Key areas of focus in the MOU include:
- Developing ethical, safety-first approaches for AI-driven robotics, supported by shared standards across data handling, model training and real-world operations
- Embedding security and risk management by design across the system lifecycle, including threat identification, risk assessment and safeguards against unauthorised access and tampering
- Implementing human-centric safety protocols and robust human-in-the-loop controls to ensure effective oversight and intervention
- Strengthening cyber-physical resilience through testing and operations, including adversarial testing of AI-driven robotic behaviours, continuous monitoring and specialised capabilities such as threat analysis, incident response and penetration testing
A joint Safety and Security Review Board will be established to oversee implementation and ensure alignment with evolving safety and ethical expectations.

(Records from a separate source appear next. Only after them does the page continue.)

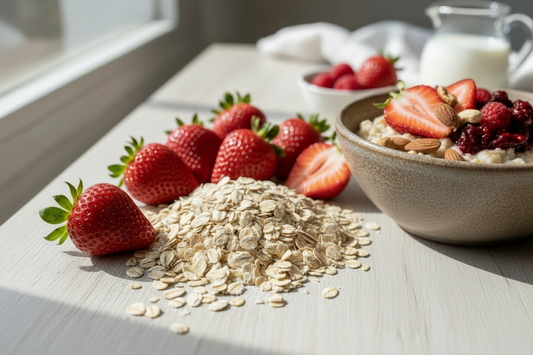 Strawberry Overnight Oats with Collagen Peptides
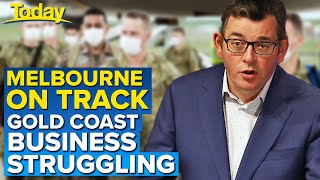 Coronavirus: Melbourne on track with roadmap out, GC businesses struggle | Today Show Australia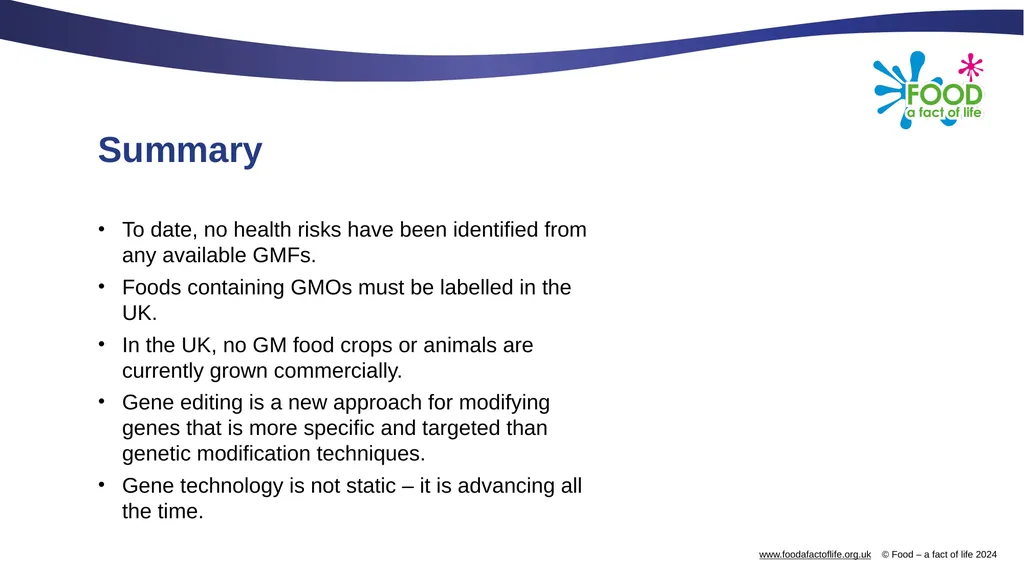 Genetic modification and gene editing Genes Every - slide 13 of 14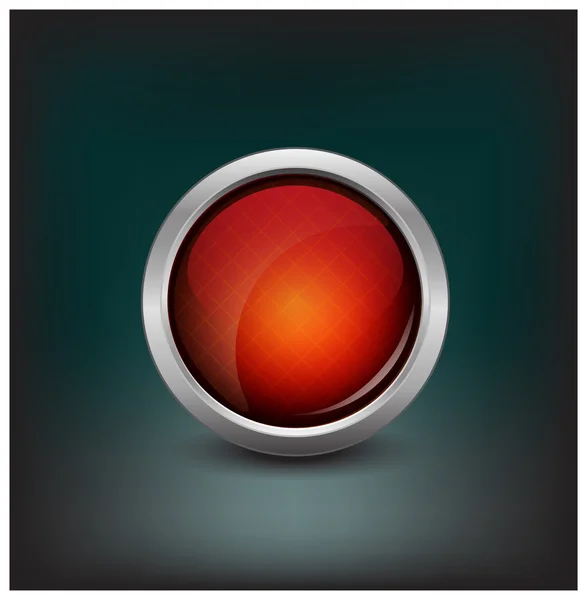 Vector aislado rojo, botón web brillante. Hermoso internet butto — Archivo Imágenes Vectoriales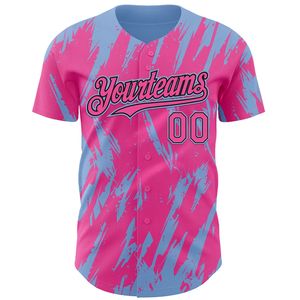 Camiseta de Béisbol de Invierno Personalizada OEM, con Botones, Impresión de Serigrafía, 100% Algodón Orgánico Antibacterial, Logotipo Frontal Corto, para Equipo - Product Image 2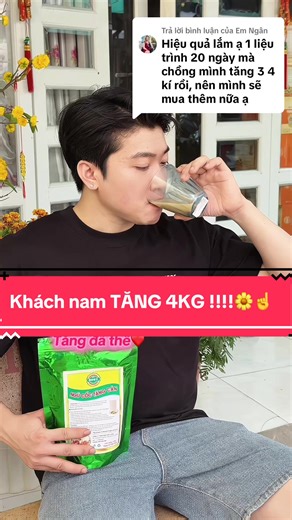 Trả lời @Em Ngân Tằng tăng!!!🎉 Mấy anh nam lên cân tới đâu rồi ? #tangcan #tangcanantoan #goclamdep #xuhuong #viral
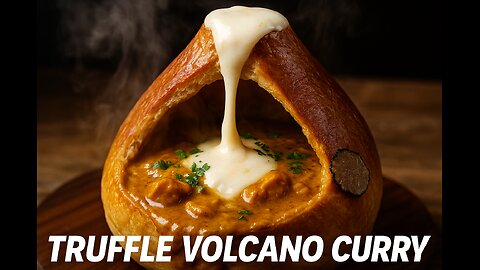 Royal Truffle Volcano Curry – FlavorVille Viral Creation 🌋🍄🔥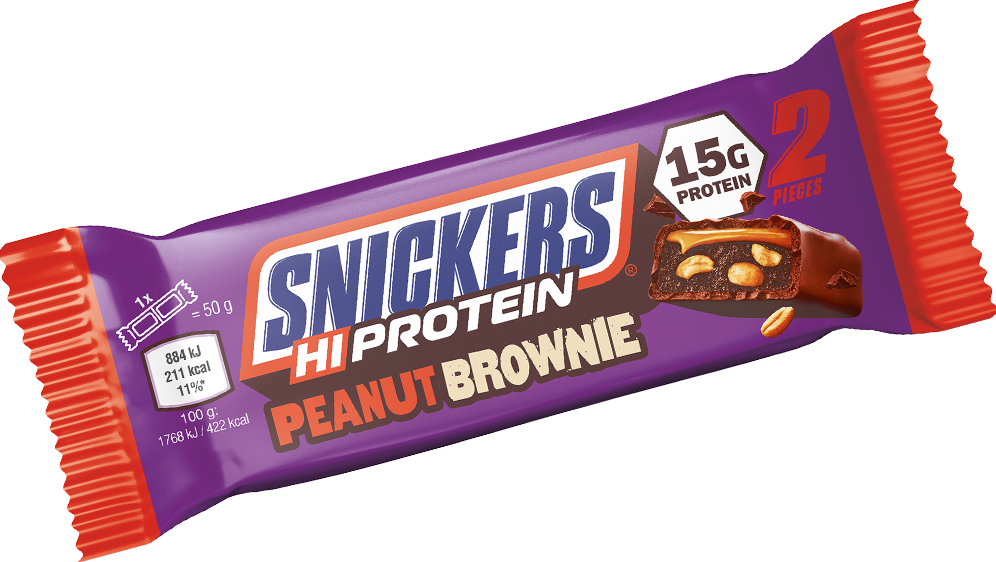 Snickers HiProtein Bar - 12 x 50 g - Peanut Brownie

“The rise of AI is raising the stakes for enterprise security. It goes beyond protecting systems to ensuring that autonomous decisions remain bounded, explainable and secure,” said Paul Tan, Executive Vice President of Government and Singapore Enterprises, Ensign InfoSecurity. “Having operationalised AI in security environments, we see firsthand how quickly autonomy can scale. The challenge is ensuring that control, governance and resilience scale with it, especially when these systems affect real-world operations and outcomes. This collaboration focuses on embedding cybersecurity into the way these systems are designed and deployed from the outset.”
The MOU signals a shift in how organisations deploying autonomous systems must think about risk, not as an IT concern to be managed downstream, but as a foundational design requirement woven into every layer of the system.